Wednesday, December 15, 2010

Legislation of the Day

The Los Angeles city council has banned new "stand-alone" fast food restaurants in South Los Angeles and South East Los Angeles--the poorest areas of the city. Says councilmember Jan Perry, "[t]his is not an attempt to control people as to what they can put into their mouths. This is an attempt to diversify their food options." Yeah, right--like Obamacare upholds individual rights.

This is "nanny-statism" at its California extreme. As Captain Ed Morrissey remarks:
What, there aren’t any high-priced French restaurants in South LA? Sacre bleu! That might have something to do with the high unemployment and low incomes in the area. Perry complains that 72% of the restaurants in the area are fast food compared to West LA’s concentration being in the mid-40s, but the obvious explanation is that higher income areas can support higher-priced restaurants.
How is this going to help cure unemployment? Uh oh--another "unintended" consequence!

(via Maggie's Farm)

6 comments:

Warren said...

There's a huge logical fallacy in banning fast food restaurants.

It's the amount of food consumed - specifically calories - that has the most impact on a person's weight and health.

Nothing is forcing the patrons of South Los Angeles to overeat. If an overweight person consumed the same number of calories in a fancy French restaurant as they do at McDonald's, they be just as fat.

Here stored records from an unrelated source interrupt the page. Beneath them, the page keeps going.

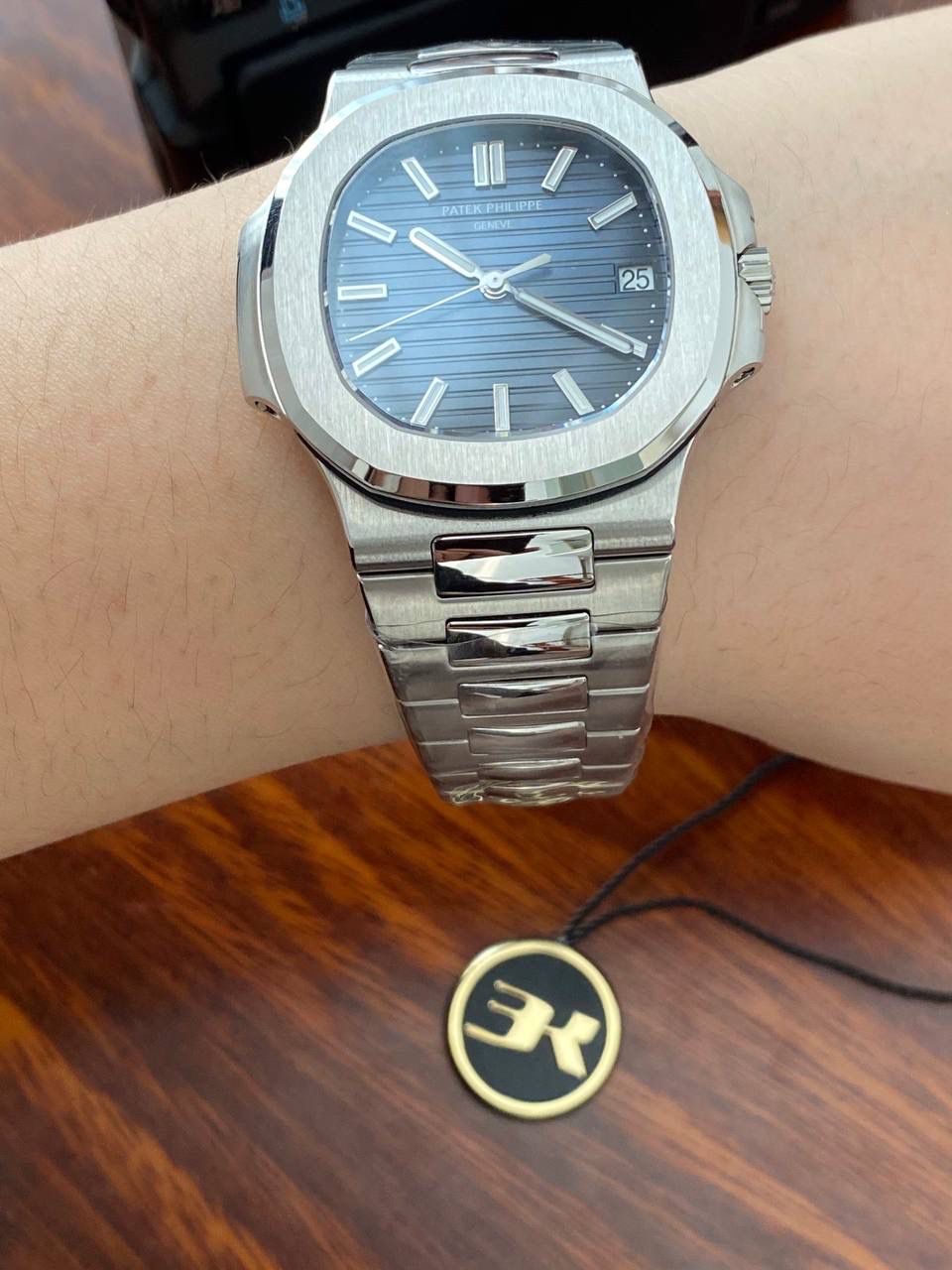 鹦鹉螺市场独家专用机芯，升级无噪音刻字版原版机芯🔥🔥 详细升级解读: 1.升级机芯全部精雕刻字，清晰不磨损，纹理做到极致。 2.升级自动陀片，采用瑞士超精密轴承，业界史无前例的安装陀片工艺。做到百分百降噪音。 3.原版机芯，无假夹版，无假摆轮，无假红宝石。WY-3k厂完整的复刻出3.3毫米的绝版高品质324SC机芯. 4..升级表盘刻度夜光超亮，而且整体做到和谐一致同步亮度。 5.鹦鹉螺经典蓝盘，目前改进与正品一致的颜色，秒杀其他工厂的表盘细节和做工。 6.日历窗口每一只手表做了水平正位，不出现偏斜遮挡。 7.把头调节档位顺畅度的多次调试，调试到最佳状态。使得升级版手雷调校时间和上链的手感畅顺 8.升级了整个手表厚度8.3毫米，完美实现全网最薄机械表，等同原装厚度。佩戴起来舒适无比。 9.重点强调324Sc机芯顺时针调日历，也就是由上往下调日历。注意辨析和正品一致。 10.调节时间的时候，拉表冠二挡。大秒针是不停止的。和正品也是一致。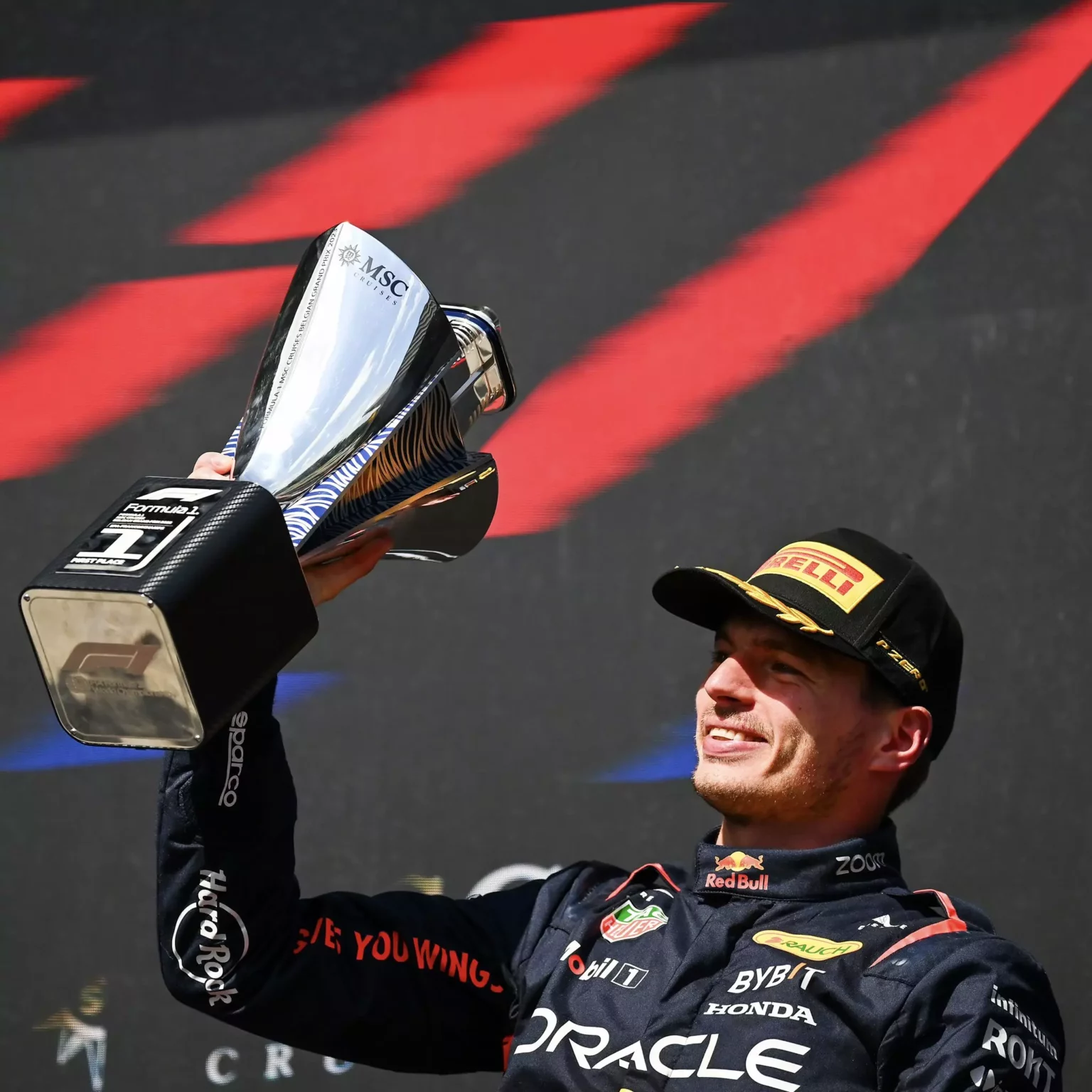 F1 | Verstappen, dubbi sul futuro: “Mi preoccupa…” Max Verstappen celebra la vittoria nel GP del Belgio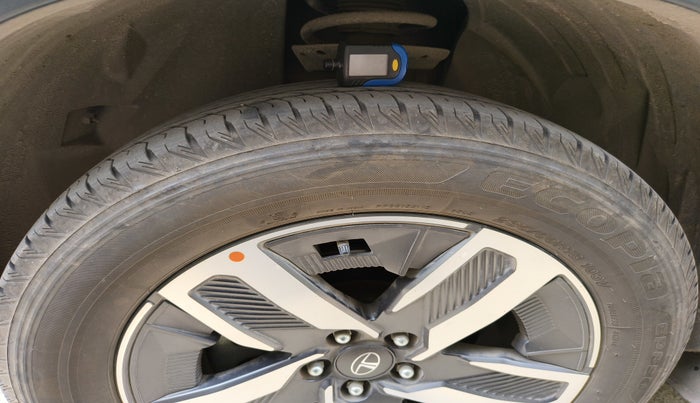 2024 Tata Safari ADVENTURE PLUS AT, Diesel, Automatic, 13,100 km, tyre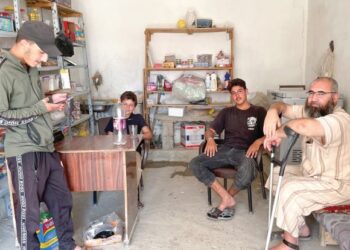 ABDUL Razak Kash (kanan) berehat sebentar di sebuah kedai runcit yang terdapat di Kem Bunyan Marsus, sebuah penempatan pelarian di Jarabulus, Syria. – UTUSAN/METRA SYAHRIL MOHAMED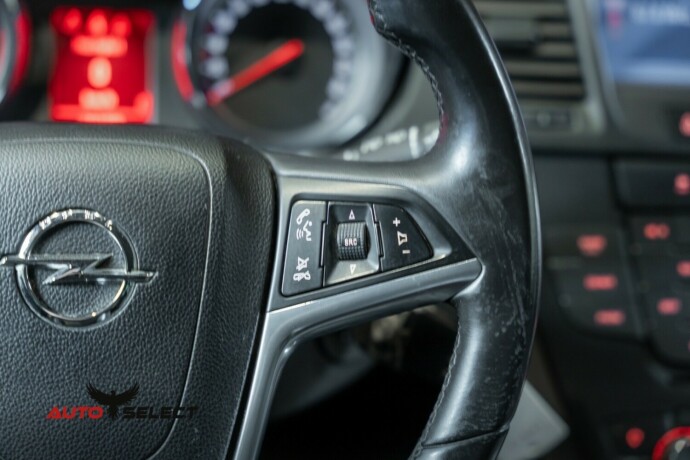 opel-insignia-diesel-2011-big-23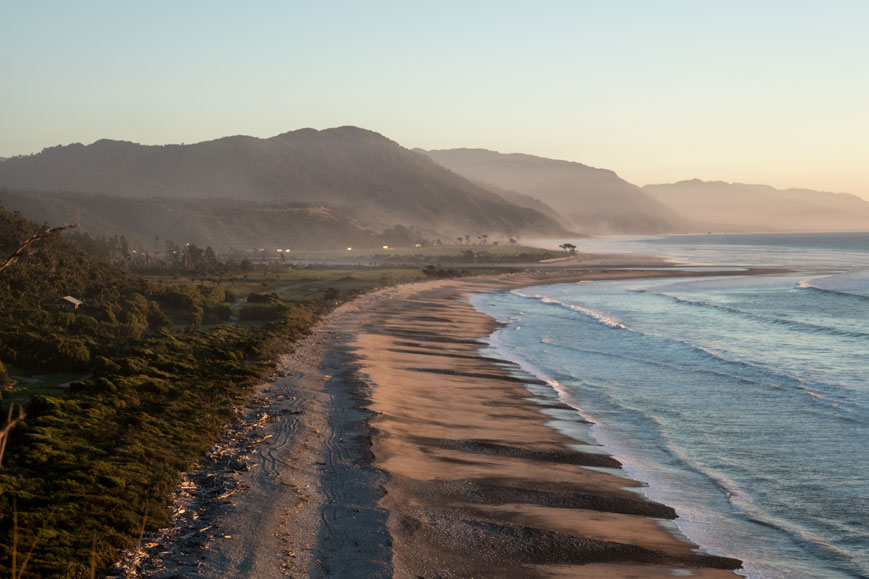 Blick vom Strand bei Gentle Annie auf Mokihinui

See this obvious criticism of the film "Super Size Me":

http://en.wikipedia.org/wiki/Super_Size_Me

Critics of the film, including McDonald's, argue that the author intentionally consumed an average of 5,000 calories per day and did not exercise, and that the results would have been the same regardless of the source of overeating.[13] He was eating solely McDonald's food in keeping with the terms of a potential judgment against McDonald's in court documents highlighted at the beginning of the film. However, in the comedic documentary reply Fat Head,[14] Tom Naughton "suggests that Spurlock's calorie and fat counts don't add up" and criticizes Spurlock's refusal to publish the Super Size Me food log; The Houston Chronicle reports: "Unlike Spurlock, Naughton has a page on his Web site that lists every item (including nutritional information) he ate during his fast-food month."[15] The film addresses such objections by highlighting that a part of the reason for Spurlock's deteriorating health was not just the high calorie intake but also the high quantity of fat relative to vitamins and minerals in the McDonald's menu, which is similar in that regard to the nutritional content of the menus of most other U.S. fast-food chains.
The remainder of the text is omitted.